L'état du livre, de la lecture et de l'alphabétisation ainsi campé, les participants au séminaire, pour un aperçu plus clair des attentes, ont bénéficié de la présentation des deux meilleurs concepts de promotion de la lecture retenus en Côte d' Ivoire. Ainsi Patricia Bouazo a séduit avec  «Abili» (amusons-nous, en langue Bété, dialecte parlée dans le centre-ouest de la Côte d'Ivoire). Un jeu de cartes  à travers duquel, sa conceptrice veut avec l'alphabet et les syllabes apprendre les mots à toutes les tranches d'âge en toutes les langues du monde.Les amoureux du livre et de la lecture ont aussi suivi avec intérêt, le concept « Lectureball » de David Nguessan Djoko.

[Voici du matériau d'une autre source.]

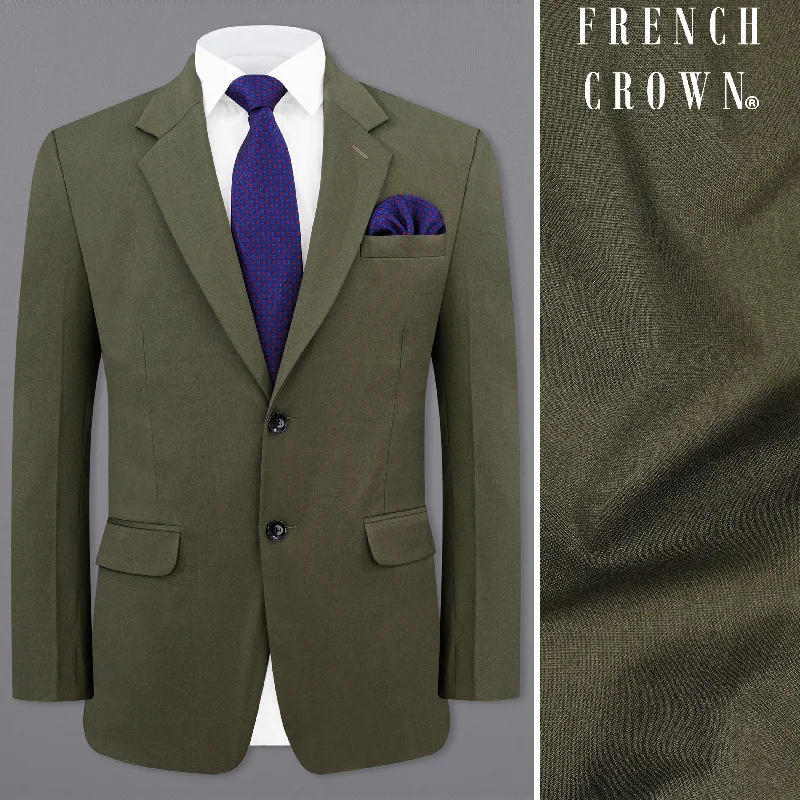 Rifle Green Single Breasted Blazer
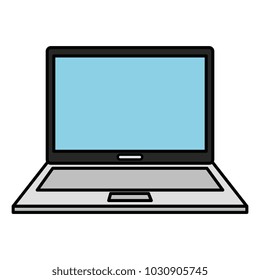laptop computer isolated icon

Pour qui,  amener un enfant à lire, veut dire « associer subtilement, le jeu à la lecture ». D'où un concours de tirs au but entre deux équipes d'enfants en apprentissage pour remporter un paragraphe d'une histoire à lire pour chaque but marqué.

Femme-Petite enfance

Le séminaire, s'est poursuivi avec la formation de groupes de travail pour réfléchir de façon ciblée sur la promotion de la lecture chez les enfants scolarisés  et chez les femmes et la petite enfance.  Des travaux qui n'ont pas été vaines, car ils ont permis aux épris du livre et de la lecture de faire comprendre que « la lecture met en ébullition, dissipe la sécheresse, active les facultés, déchrysalide l'intelligence et met en liberté l'imagination » comme le disait Antoine Albalat dans son ouvrage « L'art d'écrire: enseigné en vingt leçons ». Donc pour le groupe de travail sur la promotion de la lecture chez la mère et la petite enfance, « la femme doit d'abord lire pour elle-même ».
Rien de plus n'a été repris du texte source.